# Tilting at Windmills



## lenox (May 26, 2009)

David Eade (a Cadiz-based journalist) on the European Elections in his 'Tilting at Windmills' blog:
First Non-Spaniard to Run.
Thought that the general readers of this forum might be interested.


----------



## Tallulah (Feb 16, 2009)

lenox said:


> David Eade (a Cadiz-based journalist) on the European Elections in his 'Tilting at Windmills' blog:
> First Non-Spaniard to Run.
> Thought that the general readers of this forum might be interested.

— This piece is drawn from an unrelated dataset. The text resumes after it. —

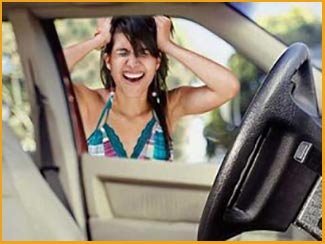 Kingsville Local Locksmith Kingsville, MD 410-246-6590
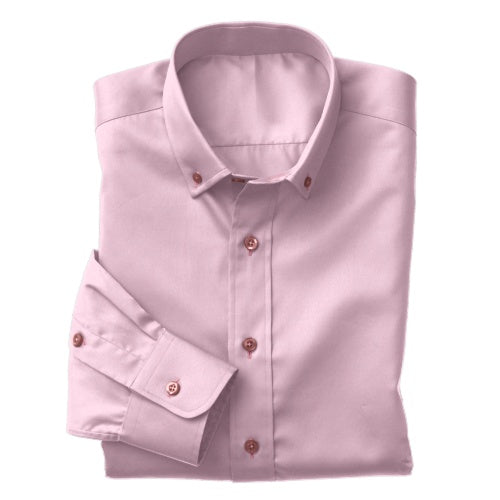 B&H Custom Shirt - Business Essentials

Hmmm...again all about CDL and Sean O'Curneen I see. I think I see a recurring theme here, Lenox!!! I wonder who you'll be voting for...


----------



## jojo (Sep 20, 2007)

I was discussing this with my family today who are over here from the UK and none of us are politcal animals or particularly interested, but my daughter just said in passing: "Well why do people bother moving to Spain and then try and vote in a Brit"... Is this how it is?? Does she have a point??? Or am I mis-understanding??

Jo xxxx


----------



## SunnySpain (Jul 30, 2008)

jojo said:


> I was discussing this with my family today who are over here from the UK and none of us are politcal animals or particularly interested, but my daughter just said in passing: "Well why do people bother moving to Spain and then try and vote in a Brit"... Is this how it is?? Does she have a point??? Or am I mis-understanding??
> 
> Jo xxxx



Yes she has a point for sure.

That aside however, is it not also true that Lennox is merely using this forum for for free advertising / promoting his preferred party


----------



## jojo (Sep 20, 2007)

SunnySpain said:


> Yes she has a point for sure.
> 
> That aside however, is it not also true that Lennox is merely using this forum for for free advertising / promoting his preferred party



Yes he is! And Steve deleted a few threads that were a little too OTT. But having tried to read the link he's just posted, I personally found it too boring to worry about deleting. Its not a profit making organisation anyhow.... or is it?? 



Jo xxx


----------



## owdoggy (Jul 23, 2008)

I'm in the "They're all as bad as each other" party

Billy Connolly had the right idea when he said the desire to be a politician should bar you for life from ever being one. That man can be quite profound sometimes ......... and very funny

A very simplistic viewpoint I know .................. but I'm a simple person....... and have been told so many times:confused2:



Doggy


----------



## Caz.I (Mar 21, 2009)

jojo said:


> I was discussing this with my family today who are over here from the UK and none of us are politcal animals or particularly interested, but my daughter just said in passing: "Well why do people bother moving to Spain and then try and vote in a Brit"... Is this how it is?? Does she have a point??? Or am I mis-understanding??
> 
> Jo xxxx


From what I can gather though, he isn't a Brit, he is half Spanish half Irish and was born in the States and came here when he was six so I dont know if he really qualifies as an expat (since he probably had no choice in the matter) or a non-Spaniard either . But aside from that, I can see the attraction in voting in someone who might be more likely to understand the particular difficulties for Brits/expats living in Spain (although I dont know if that particular person does or not) but IMO it doesnt mean that kind of person would necessarily be British either. So I dont think playing the "one of us" card is enough in itself.


----------



## jojo (Sep 20, 2007)

Caz.I said:


> From what I can gather though, he isn't a Brit, he is half Spanish half Irish and was born in the States and came here when he was six so I dont know if he really qualifies as an expat (since he probably had no choice in the matter) or a non-Spaniard either . But aside from that, I can see the attraction in voting in someone who might be more likely to understand the particular difficulties for Brits/expats living in Spain (although I dont know if that particular person does or not) but IMO it doesnt mean that kind of person would necessarily be British either. So I dont think playing the "one of us" card is enough in itself.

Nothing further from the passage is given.